■ Supplied material:
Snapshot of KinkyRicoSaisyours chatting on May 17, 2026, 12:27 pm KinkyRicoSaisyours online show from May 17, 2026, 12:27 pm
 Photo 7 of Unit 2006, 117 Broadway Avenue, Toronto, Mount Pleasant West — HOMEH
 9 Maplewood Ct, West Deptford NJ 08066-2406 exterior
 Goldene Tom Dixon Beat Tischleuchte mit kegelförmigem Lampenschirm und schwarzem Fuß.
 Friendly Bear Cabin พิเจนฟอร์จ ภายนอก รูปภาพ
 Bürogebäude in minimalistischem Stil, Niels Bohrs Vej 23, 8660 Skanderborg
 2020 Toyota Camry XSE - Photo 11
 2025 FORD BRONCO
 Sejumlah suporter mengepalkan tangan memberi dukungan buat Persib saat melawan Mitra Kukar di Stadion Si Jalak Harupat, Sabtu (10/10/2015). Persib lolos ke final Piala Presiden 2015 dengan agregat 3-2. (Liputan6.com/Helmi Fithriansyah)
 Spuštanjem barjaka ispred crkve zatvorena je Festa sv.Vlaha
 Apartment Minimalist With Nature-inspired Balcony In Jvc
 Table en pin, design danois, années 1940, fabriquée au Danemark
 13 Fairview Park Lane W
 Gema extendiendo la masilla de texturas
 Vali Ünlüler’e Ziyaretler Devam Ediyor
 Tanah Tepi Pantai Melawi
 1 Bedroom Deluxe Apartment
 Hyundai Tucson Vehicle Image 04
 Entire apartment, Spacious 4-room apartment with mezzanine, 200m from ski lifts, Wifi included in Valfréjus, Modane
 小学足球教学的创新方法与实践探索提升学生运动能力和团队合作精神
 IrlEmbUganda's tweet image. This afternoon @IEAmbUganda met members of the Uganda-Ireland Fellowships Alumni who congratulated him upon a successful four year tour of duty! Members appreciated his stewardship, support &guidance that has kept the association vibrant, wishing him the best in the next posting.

■ Try it:
Reproduce exactly, with nothing added, the lines from the one that contains "Sejumlah suporter mengepalkan" to the end of the data.

■ Written response:
 Sejumlah suporter mengepalkan tangan memberi dukungan buat Persib saat melawan Mitra Kukar di Stadion Si Jalak Harupat, Sabtu (10/10/2015). Persib lolos ke final Piala Presiden 2015 dengan agregat 3-2. (Liputan6.com/Helmi Fithriansyah)
 Spuštanjem barjaka ispred crkve zatvorena je Festa sv.Vlaha
 Apartment Minimalist With Nature-inspired Balcony In Jvc
 Table en pin, design danois, années 1940, fabriquée au Danemark
 13 Fairview Park Lane W
 Gema extendiendo la masilla de texturas
 Vali Ünlüler’e Ziyaretler Devam Ediyor
 Tanah Tepi Pantai Melawi
 1 Bedroom Deluxe Apartment
 Hyundai Tucson Vehicle Image 04
 Entire apartment, Spacious 4-room apartment with mezzanine, 200m from ski lifts, Wifi included in Valfréjus, Modane
 小学足球教学的创新方法与实践探索提升学生运动能力和团队合作精神
 IrlEmbUganda's tweet image. This afternoon @IEAmbUganda met members of the Uganda-Ireland Fellowships Alumni who congratulated him upon a successful four year tour of duty! Members appreciated his stewardship, support &guidance that has kept the association vibrant, wishing him the best in the next posting.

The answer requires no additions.